Diesen Grund gab ich übrigens stets als Hauptgrund an: Jeder Mensch spricht anders, es ging mir darum, mich einzuhören. Themen und Motive variieren von Projekt zu Projekt und von Einsatz zu Einsatz, auch deshalb bot sich ein Vorgespräch an.

Noch heute bitte ich oft, aber nicht immer, um diese Möglichkeit. Heute kann ich mich auf die Sprechweise vieler Berühmtheiten im Internet einhören und auch rasch lesen, was zu diesem oder jenem Projekt bereits veröffentlicht wurde. Mancher Gast hat seine Tabus, an die besser nicht zu rühren ist, auch das spricht man besser vorher ab. Mitunter kommt aber auch ein Mensch von der PR zu uns Sprachmittlern und rattert eine Liste runter ... derlei wird natürlich nie aufgeschrieben! Und das war's dann mitunter auch schon mit dem fine tuning.

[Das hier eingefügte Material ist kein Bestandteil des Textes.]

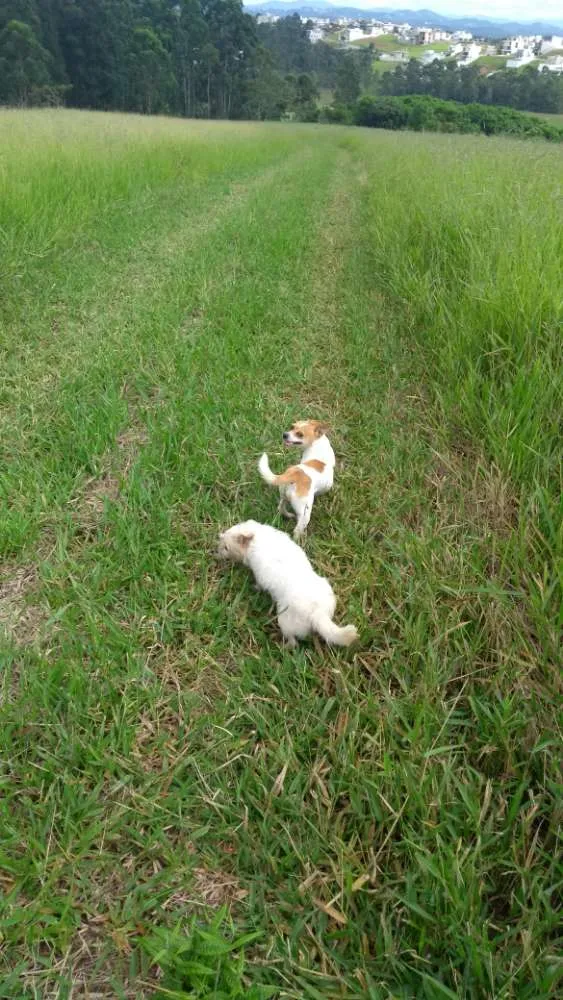 Cachorro ra a Ilhasa/ Lhasa com Pinscher idade 5 anos nome Laiza e Shopia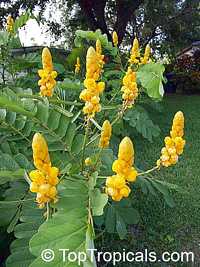 Senna alata, Cassia alata, Empress candle plant, Candle Bush, Carrion Crow Bush, Candlesticks

Click to see full-size image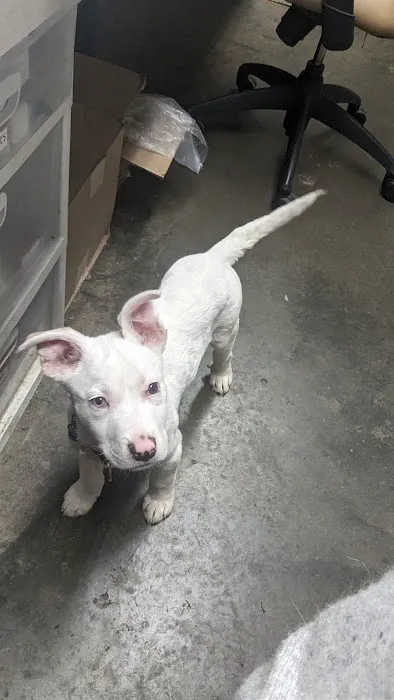 Vulcan Park Animal Care 12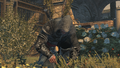 I HAS FOUND TEH FLY AGARIC MUST REPORT TO ASSASSINS GUILD MAY BE PUT BY TEMPLAR
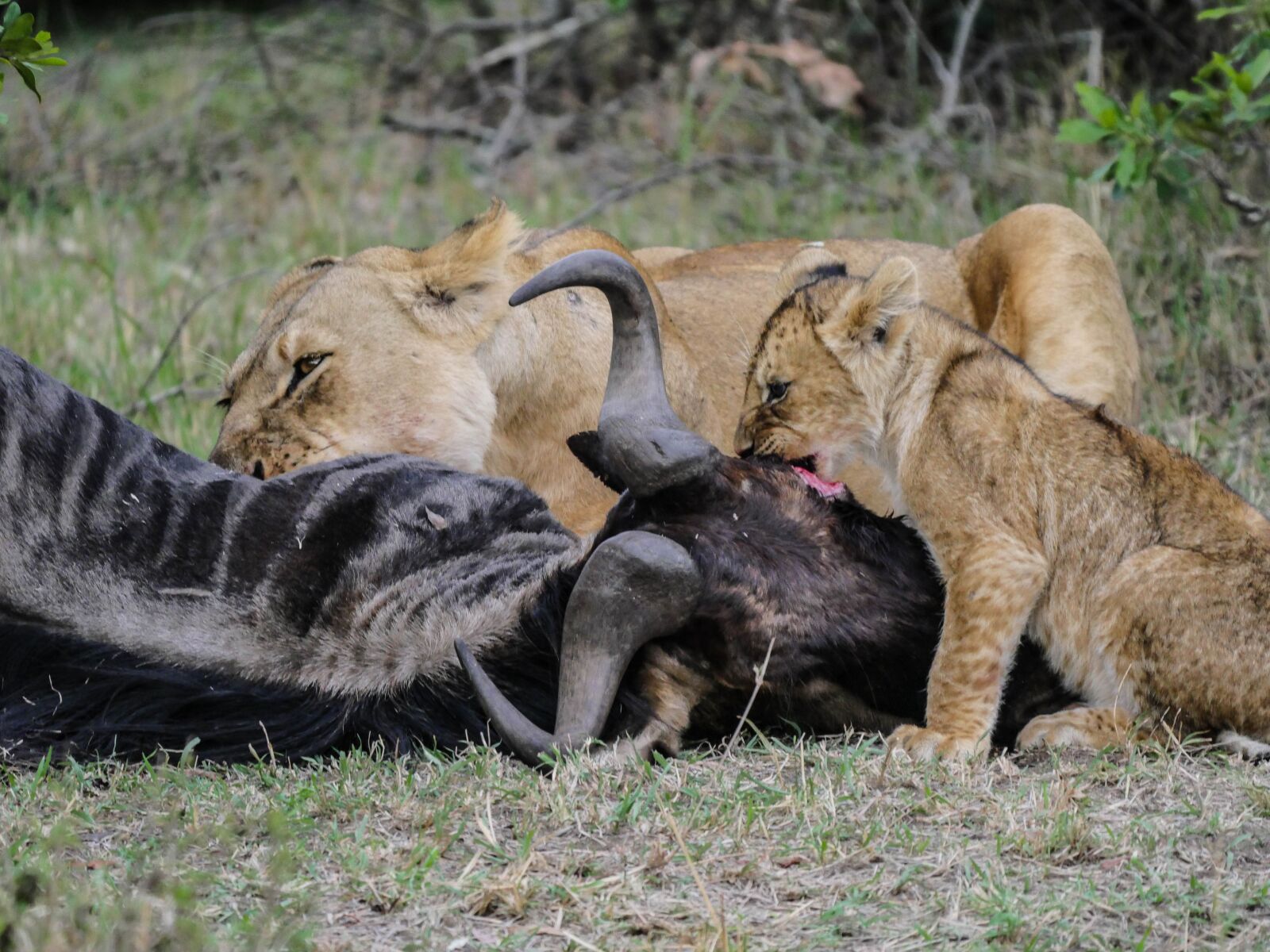 Panasonic Lumix DMC-GX8 + LEICA DG 100-400/F4.0-6.3 sample photo. Lion, prey, gnu photography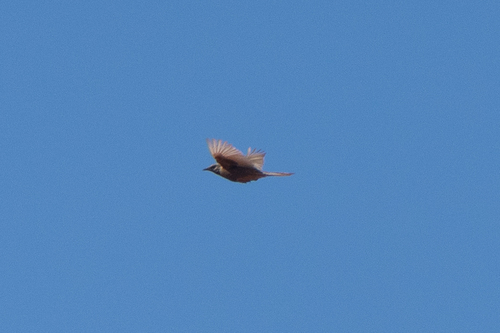 Brown Songlark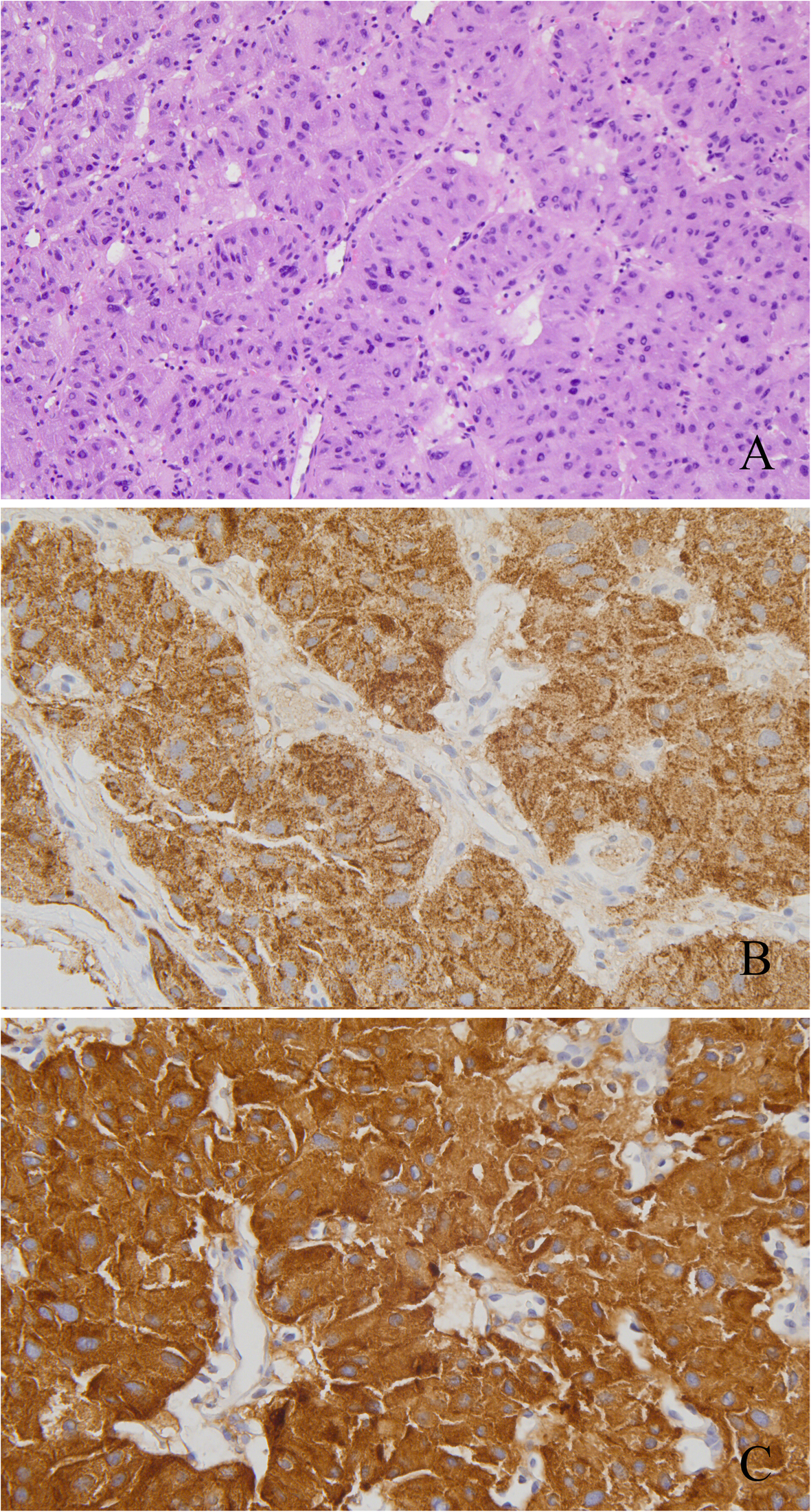 Fig. 8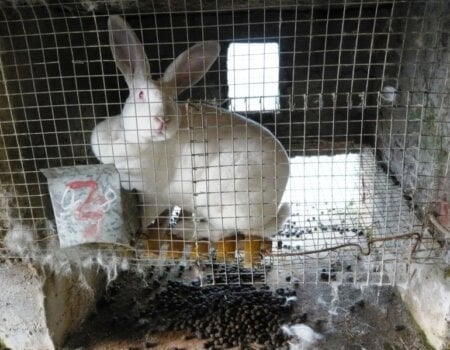 Rabbit fur farm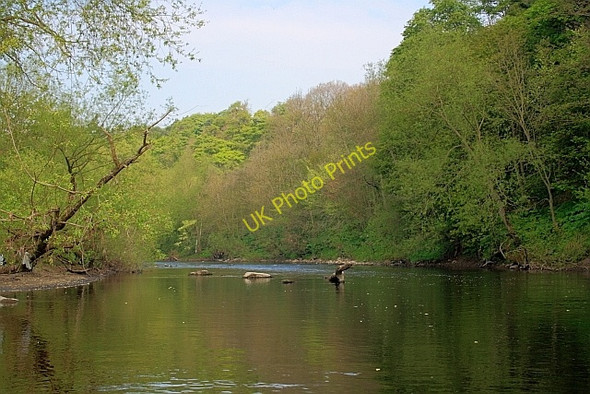 Photo 6"x4" River Tees near Liberty Wood Girsby\/NZ3508 c2011 P1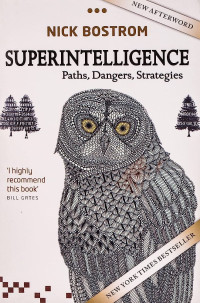 Image of Superintelligence: Paths,Dangers,Strategies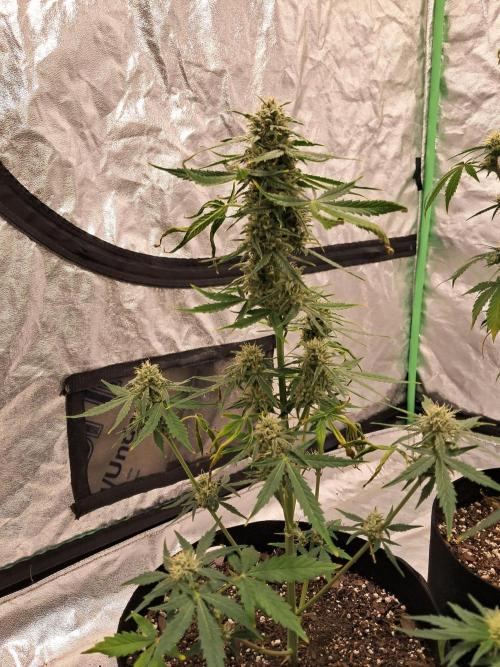 Ethos autoflower spring 26'. Week 9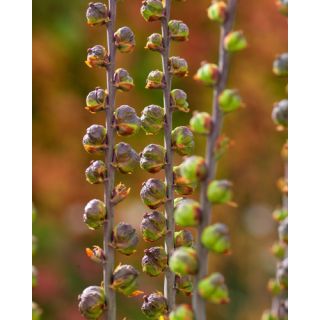 Compra CHASMANTHE SATURNUS (25 Unid.). en la tienda online Fito Agrícola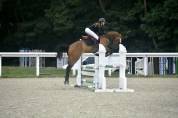 Hongre SF - 5 ans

Neulich saß ich mit einem berühmten Künstler aus dem Bereich Mode und Kosmetik zusammen, leider gab es vorab keine Zeit sich kurz kennenzulernen. Austragungsort war eines der elegantesten Hotels einer europäischen Hauptstadt, très chic ... und ein kleiner Hochsicherheitstrakt: Nur mit den codierten Karten, die als Zimmerschlüssel fungierten, ließ sich der Fahrstuhl bedienen. Sieben oder acht Interviews waren innerhalb eines Tages zu dolmetschen, Einzelinteviews, das ist  d e r  Luxus verglichen mit den Press Junkets, die vor Filmstarts üblich sind. Wir waren in einer Hotelsuite untergebracht. Zwischen den Gesprächen gab es etliche Pausen, Monsieur zog sich in die Schlafgemächer zurück, ich ging aus dem großen Salon in den kleinen, um mir neuen grünen Tee aufzubrühen. Nach 15, 20 Minuten Pause kam die nächste Journalistin oder der nächste Journalist. Wir hatten einen klaren Stundenplan und hielten uns dran.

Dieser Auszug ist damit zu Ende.